> Exercise directions: The result should be an exact copy of only the lines from the one holding "METZGER Seilzug, Schaltgetriebe 3150053" through the last line of the data below, please, without pictures.

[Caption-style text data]

:::

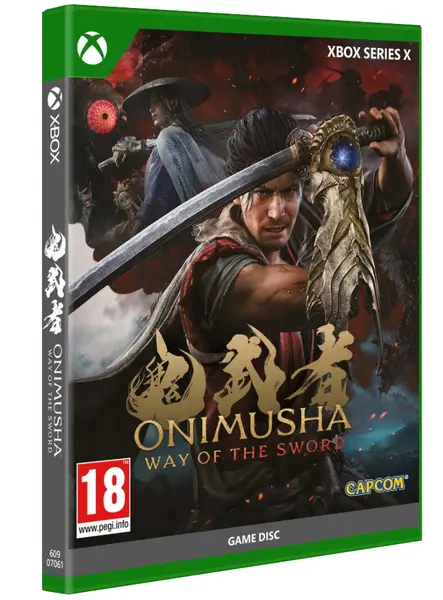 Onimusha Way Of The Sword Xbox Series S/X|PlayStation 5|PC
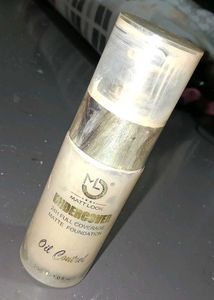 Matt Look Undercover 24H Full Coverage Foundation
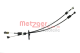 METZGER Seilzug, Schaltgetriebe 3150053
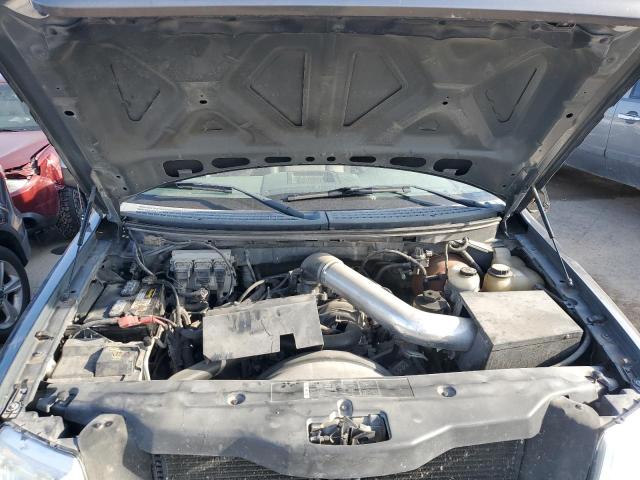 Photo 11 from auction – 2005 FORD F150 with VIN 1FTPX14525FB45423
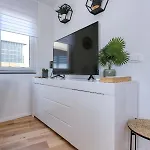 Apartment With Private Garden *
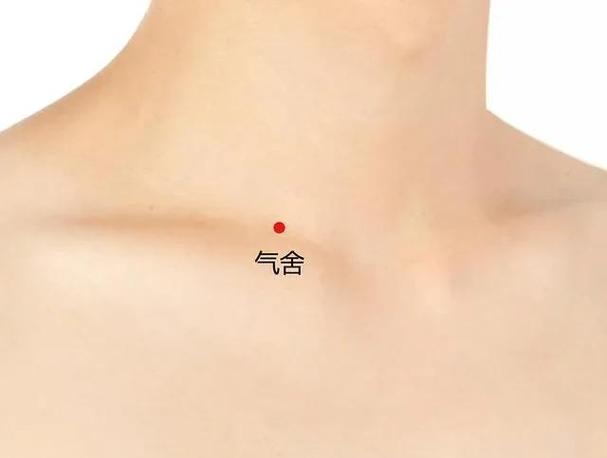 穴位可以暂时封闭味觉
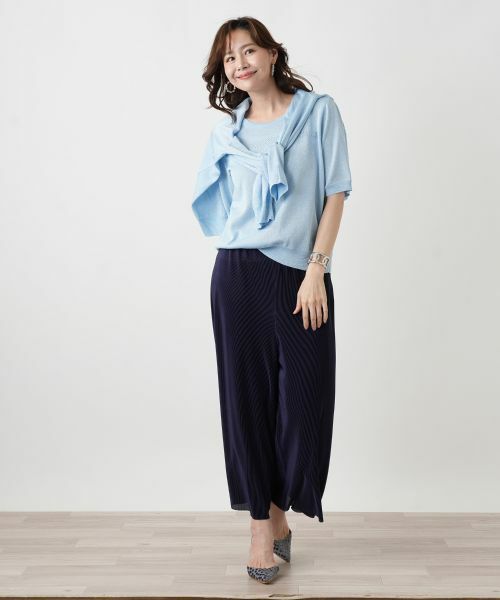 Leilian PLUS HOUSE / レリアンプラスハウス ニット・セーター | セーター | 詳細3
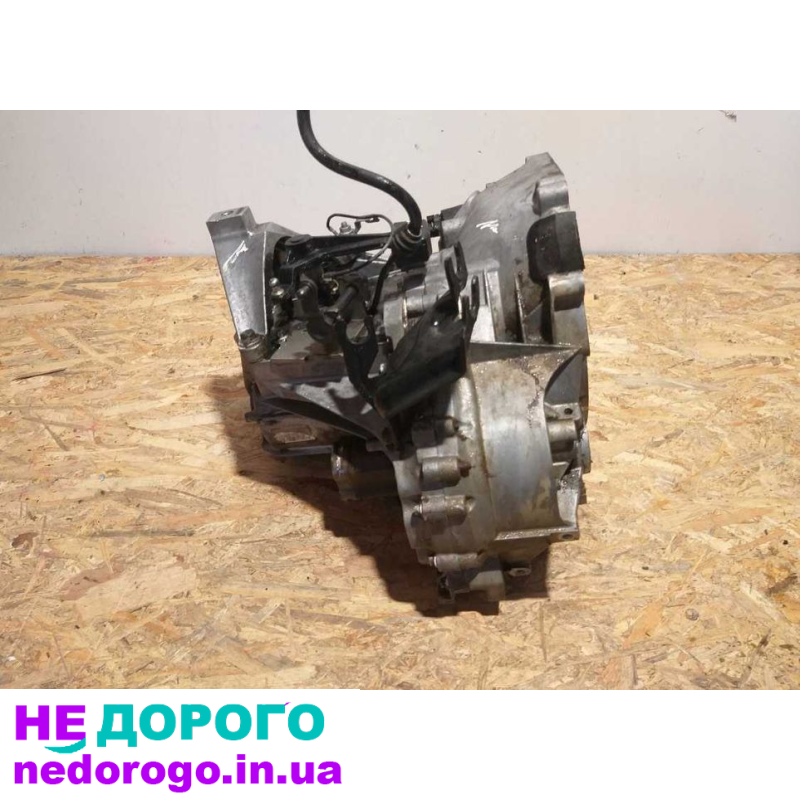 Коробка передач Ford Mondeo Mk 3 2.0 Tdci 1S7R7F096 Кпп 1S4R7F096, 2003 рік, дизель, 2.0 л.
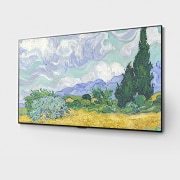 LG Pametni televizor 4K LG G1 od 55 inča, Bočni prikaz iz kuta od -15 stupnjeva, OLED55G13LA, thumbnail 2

:::

> Problem solution:
 METZGER Seilzug, Schaltgetriebe 3150053
 Photo 11 from auction – 2005 FORD F150 with VIN 1FTPX14525FB45423
 Apartment With Private Garden *
 穴位可以暂时封闭味觉
 Leilian PLUS HOUSE / レリアンプラスハウス ニット・セーター | セーター | 詳細3
 Коробка передач Ford Mondeo Mk 3 2.0 Tdci 1S7R7F096 Кпп 1S4R7F096, 2003 рік, дизель, 2.0 л.
 LG Pametni televizor 4K LG G1 od 55 inča, Bočni prikaz iz kuta od -15 stupnjeva, OLED55G13LA, thumbnail 2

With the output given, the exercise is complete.